Dimensi kedua dari Tri Hita Karana, yaitu Pawongan, berfokus pada keharmonisan hubungan antar manusia. Dalam lingkungan sekolah, nilai ini terwujud melalui interaksi antara guru, siswa, tenaga kependidikan, dan masyarakat sekitar. Tata ruang sekolah yang baik dapat menjadi sarana untuk memperkuat nilai-nilai sosial tersebut.
Sekolah yang menata ruangnya secara terbuka dan komunikatif mendorong terciptanya hubungan sosial yang sehat.

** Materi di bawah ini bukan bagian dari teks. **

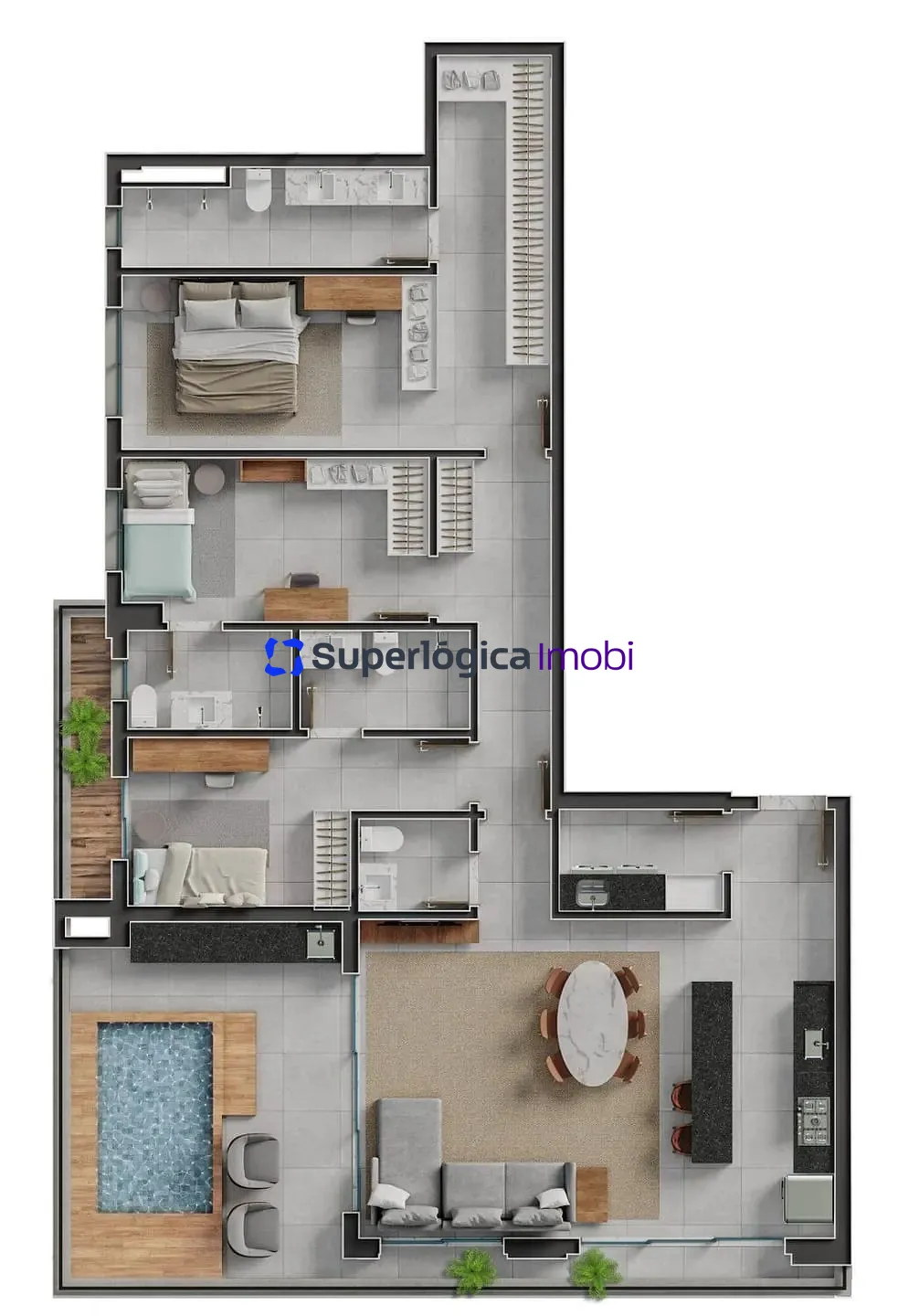 Apartamento, 2 quartos, 90 m² - Foto 103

Misalnya, penempatan ruang guru dan kantor administrasi di dekat area siswa dapat memudahkan interaksi dan menciptakan suasana akrab tanpa sekat hierarki yang kaku. Ruang terbuka seperti kantin, taman, dan area istirahat berfungsi sebagai tempat pertemuan sosial informal, di mana siswa belajar menghargai perbedaan dan berlatih keterampilan sosial.
Konsep Pawongan juga bisa dihidupkan melalui ruang-ruang kolaboratif seperti ruang rapat, ruang konseling, dan ruang kegiatan ekstrakurikuler. Ruang-ruang ini menjadi wadah bagi siswa dan guru untuk berdiskusi, menyelesaikan masalah bersama, dan mengembangkan rasa empati. Kehadiran ruang konselor atau ruang bimbingan dan konseling (BK) mencerminkan perhatian sekolah terhadap kesejahteraan mental dan emosional siswa --- bagian penting dari harmoni antarmanusia.
Lebih jauh lagi, budaya sekolah yang mendukung kerja sama dan kebersamaan merupakan bentuk nyata implementasi Pawongan. Misalnya, program "kelas berbagi" di mana siswa senior membantu adik kelas dalam belajar, atau kegiatan service learning di mana siswa terlibat langsung membantu masyarakat sekitar. Semua ini mengajarkan nilai kemanusiaan yang menjadi inti dari pendidikan berbasis Tri Hita Karana.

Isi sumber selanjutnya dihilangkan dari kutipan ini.